Sono 500 i posti di lavoro a rischio alla Ferriera di Trieste nel caso in cui l'area a caldo venisse riconvertita. A lanciare l'allarme, dopo l'apertura "ufficiale" di Siderurgica Triestina - Gruppo Arvedi, disposta a discutere una proposta in tal senso con la Regione Friuli Venezia Giulia, sono le rappresentanze sindacali che per oggi (lunedì 2 settembre) hanno annunciato un'assemblea dei lavoratori con Fiom Cgil, Fim Cisl, Uilm Uil e Rsu, durante la quale "verra' deciso il da farsi". La riconversione dell'impianto, da tempo al centro delle proteste perché ritenuto causa di inquinamento ambientale, potrebbe prevedere uno sviluppo logistico. L'assessore regionale alla Difesa dell'ambiente, Fabio Scoccimarro, aveva definito un "traguardo" la disponibilità dell'azienda di discutere il superamento dell'area a caldo. Un iter da "chiudere entro il 2022" e comunque "tenendo conto dei diritti di impresa e salvaguardando i posti di lavoro".
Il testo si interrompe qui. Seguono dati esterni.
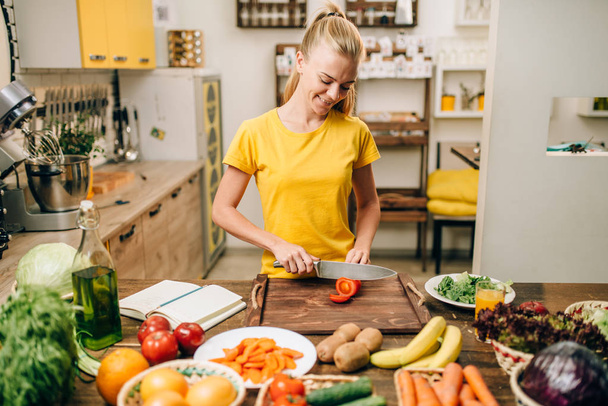 щасливі жінка різання овочі на дерев'яним столом, приготування органічних продуктів харчування. Вегетаріанська дієта, здоровий спосіб життя - Фото, зображення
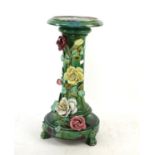 Continental pottery jardiniere on stand with applied floral decoration,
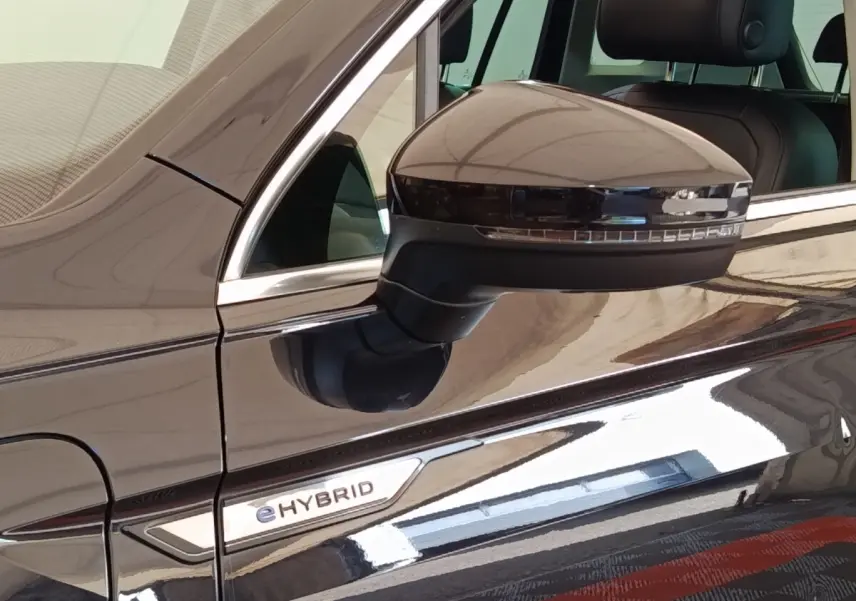 Gros plan sur le rétroviseur droit et l’inscription eHybrid d’un Volkswagen Tiguan noir brillant.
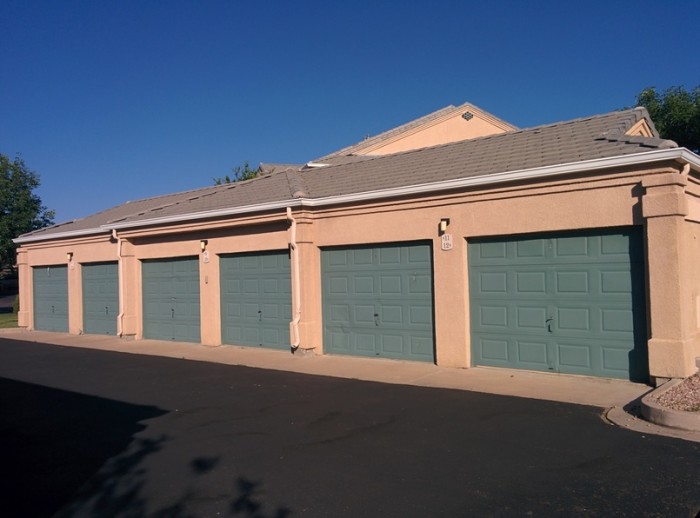 Long narrow building with 6 single car garages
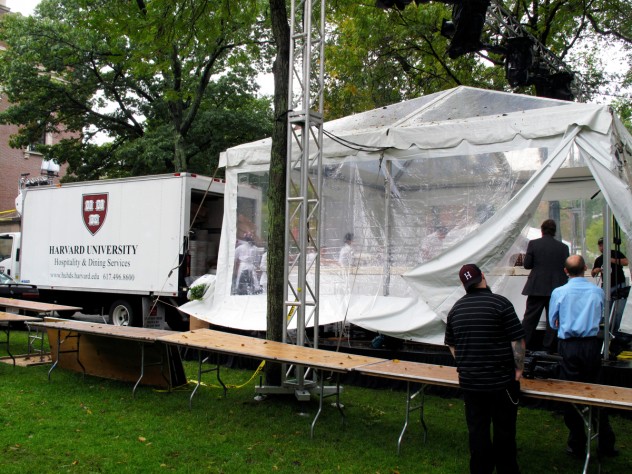 Photograph by Harvard Magazine/JC Workers assembled the cake under a tent to protect it from the rainy weather. A Harvard Dining Services truck brought over the individual sheet cakes, which form the 15-by-18-foot H-shaped cake. Sixty individual sheet cakes were baked, two per day, by Flour bakery and deep frozen at Harvard awaiting the day of the celebration.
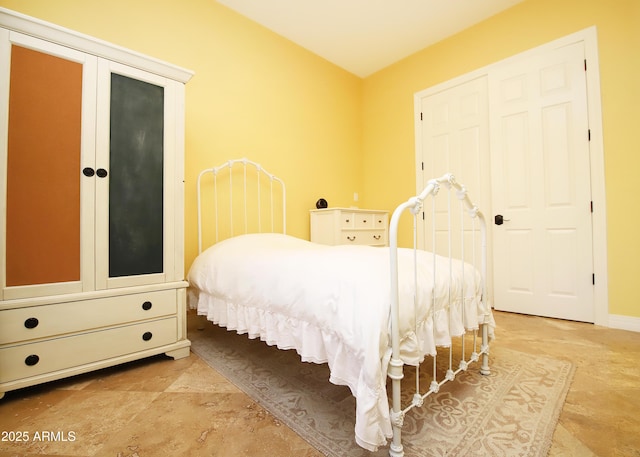 bedroom featuring stone finish flooring and baseboards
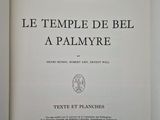 an open book on a white surface with a black and white title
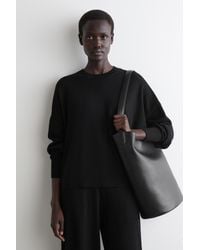 COS - Pullover Aus Merinowolle Mit Rundhalsausschnitt - Lyst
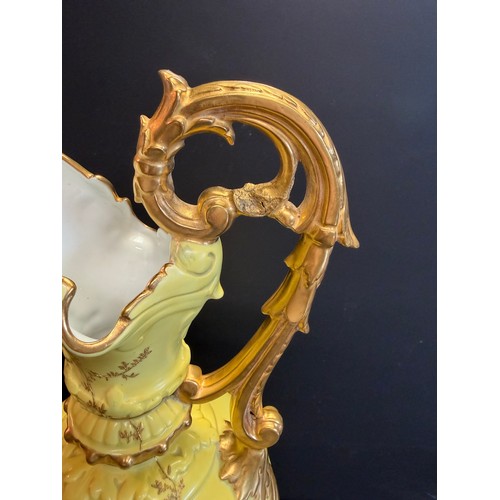 82 - A Royal China Works yellow and gilt decorated ewer, 43cm high.. Grainger works late 19th century 
( ... 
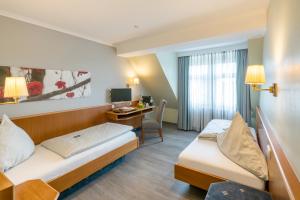 Posezení v ubytování Landhotel Zur Bretzel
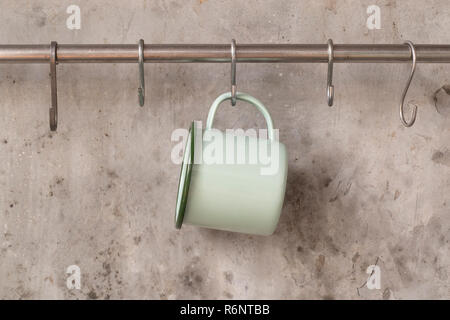 Green tin cup hanging on stainless rail on cement wall background. Stock Photo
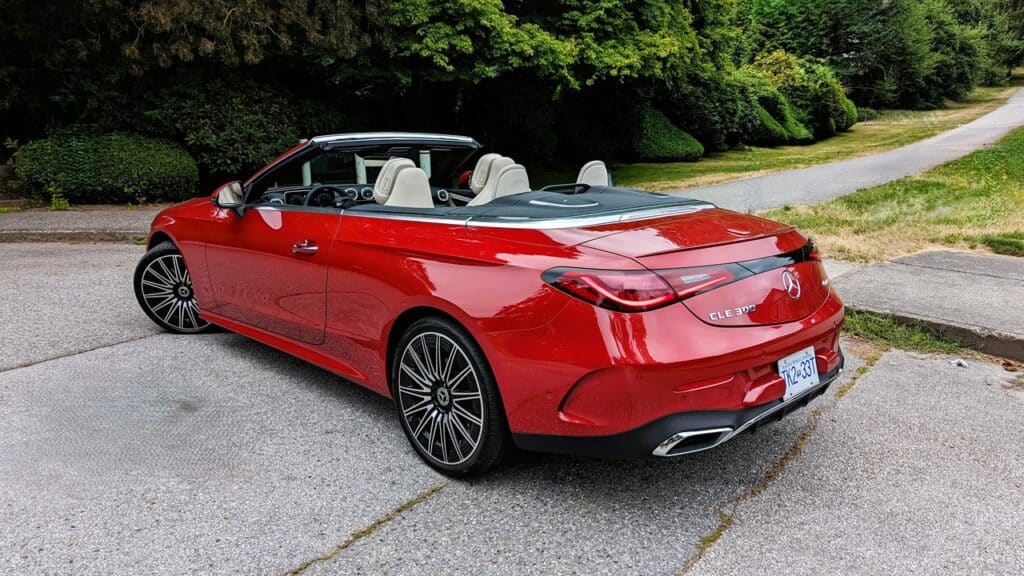 2025 Mercedes-Benz CLE 300 4MATIC Cabriolet Review 7 Luxurious red Mercedes-Benz convertible with beige interior parked on scenic roadside, emphasizing premium sports cars, automotive style, and high-performance vehicles for automotive enthusiasts.
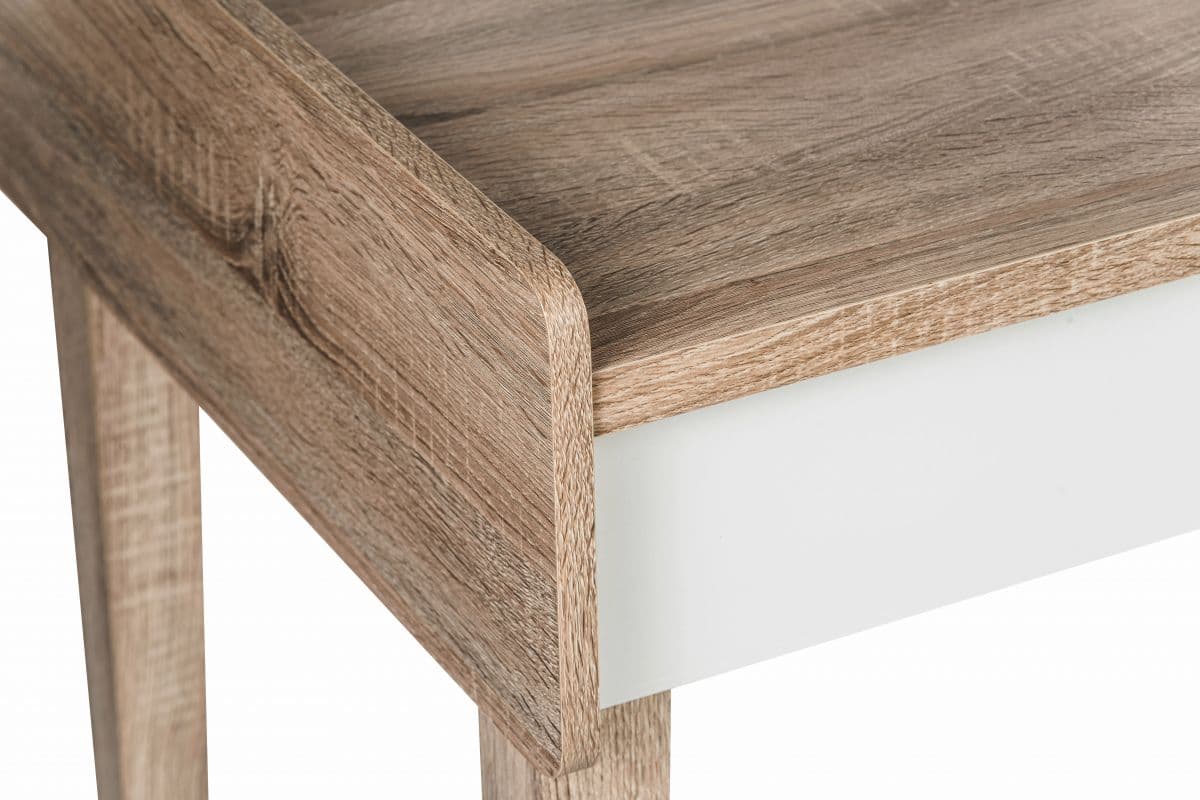 a close up of a wooden table with white legs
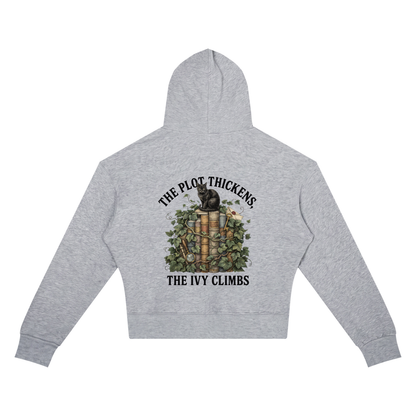 Women’s cropped drop-shoulder hoodie with a black cat on ivy-covered books, The Plot Thickens, The Ivy Climbs back print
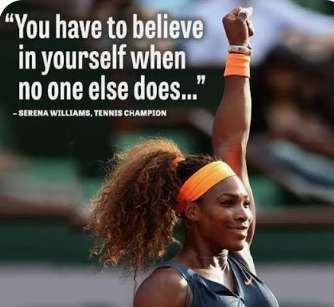 A tennis player raising her right arm, wearing a blue top, orange headband, and bracelets. Blurry people in the background.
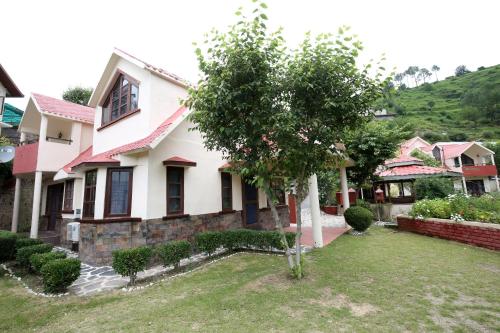 a house with a tree in the yard at Manla Homes Resort in Mashobra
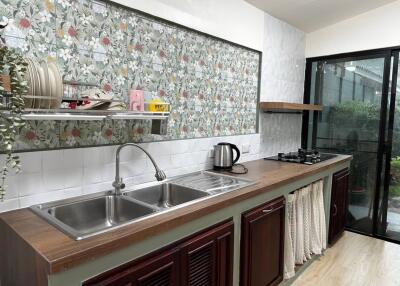 Kitchen with floral backsplash and dual sink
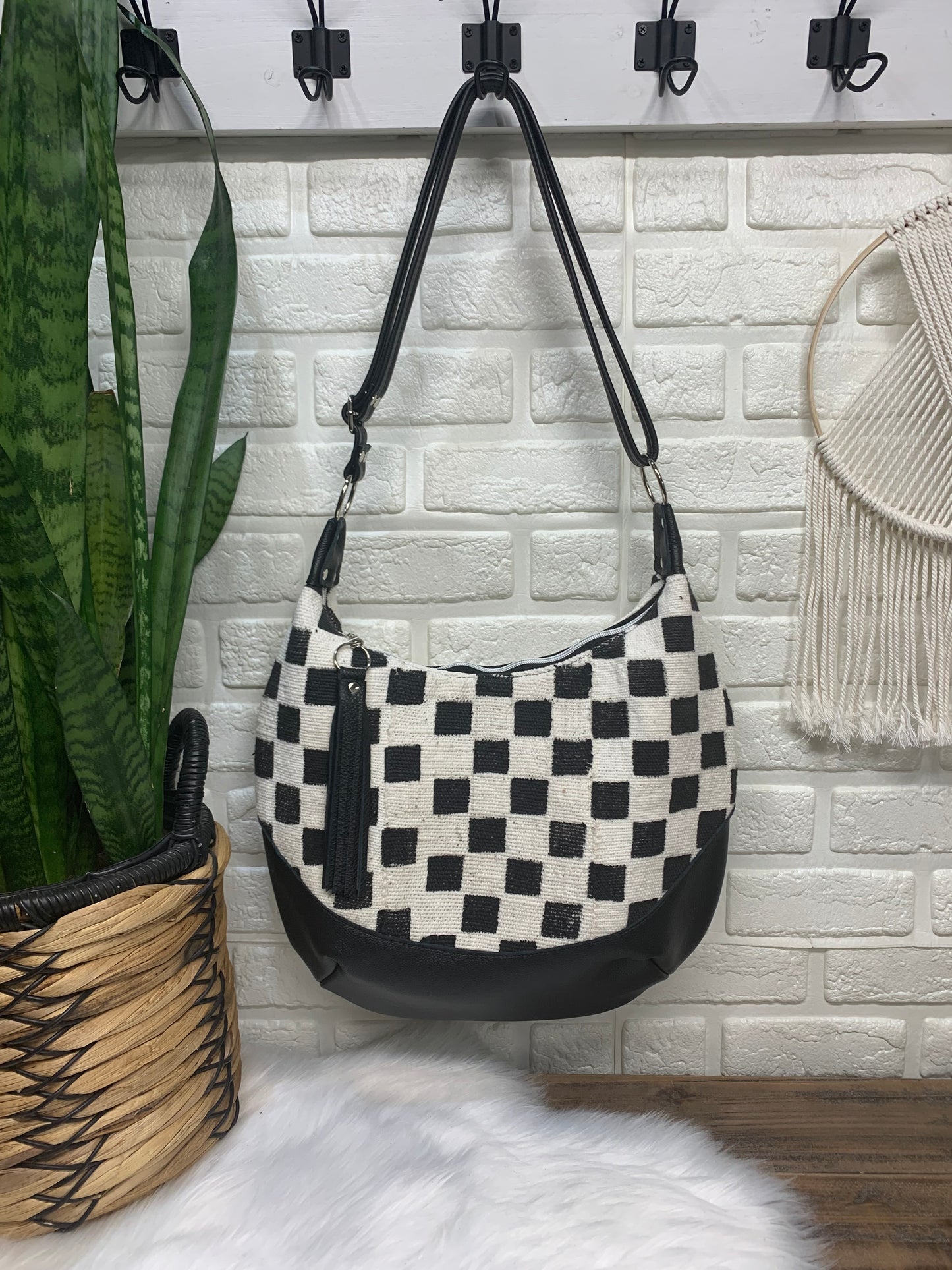 Checkered Mud Cloth and black leather hobo crossbody bag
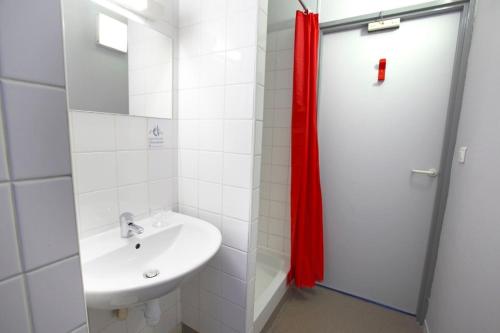 a bathroom with a sink and a red shower curtain at Auberge La Digue in Calais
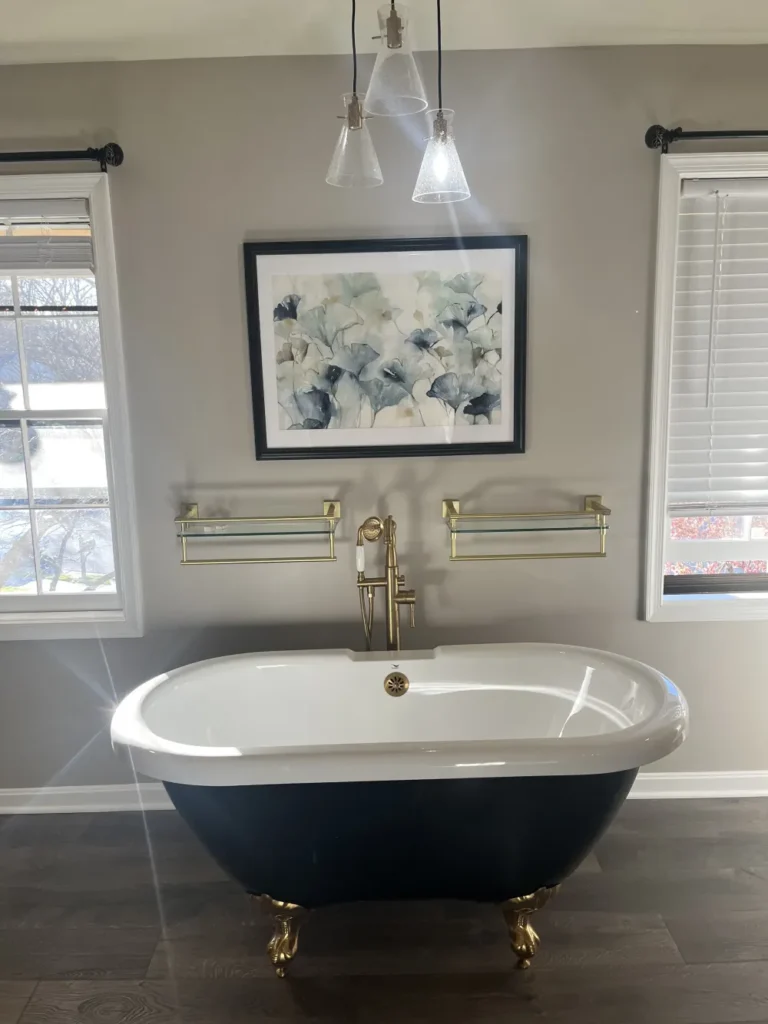 A luxurious bathroom with a gleaming black and white clawfoot bathtub and brass fixtures, showcasing the deep cleaning results of L&V Cleaning.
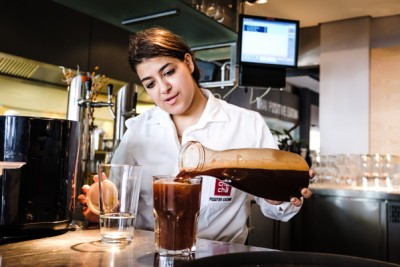 Mitarbeiterin füllt vorsichtig Kaffee in ein Glas.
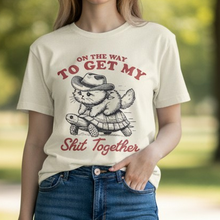 Load image into Gallery viewer, **On the Way to Get My Shit Together Cat Riding Turtle Graphic Tee – Natural Unisex Shirt (S–2XL)**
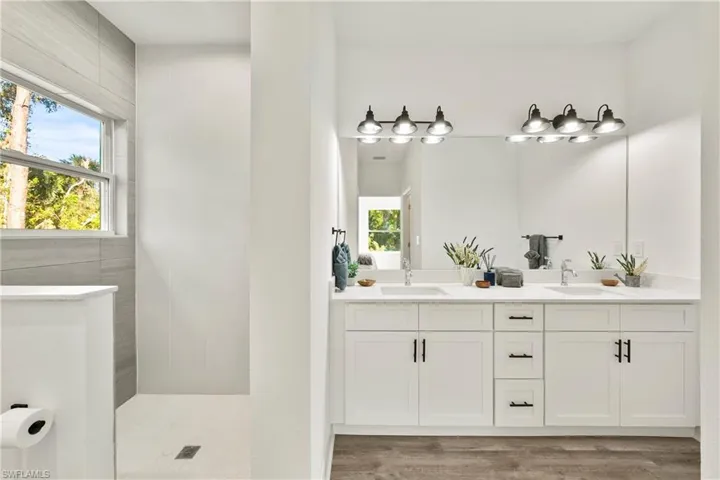 Bathroom with vanity, LVP flooring, and walk in shower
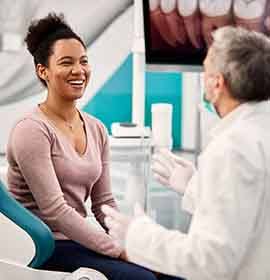 Young woman talking to sleep dentist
Rassicurazioni che non tranquillizzano il mondo del lavoro. "A oggi - afferma il segretario generale della Fiom Cgil Trieste Marco Relli - l'area a caldo occupa circa 400 dipendenti, cui va aggiunto un indotto di 100-120 addetti. Solo una minima parte potrà essere assorbita nell'area a freddo, per gli altri dovremmo capire quali sono le intenzioni". Sindacati e lavoratori, conclude, sono "preoccupati perché le prospettive non ci sono, non c'è nessun altro posto di lavoro", e "la disoccupazione a Trieste sta aumentando". Il punto, osserva il segretario generale della Cgil Trieste Michele Piga, è che "la garanzia occupazionale non è elemento sufficiente, occorre preservare i posti di lavoro. Si parla di riconversione, ma non si dice in cosa. E manca il coinvolgimento complessivo del sindacato. All'azienda abbiamo chiesto più volte senza ottenerli i piani industriali": questo nuovo passo "dimostra che c'erano altri piani". Ora, conclude, "attiveremo tutti i percorsi e sollecitazioni" a tutela del lavoro.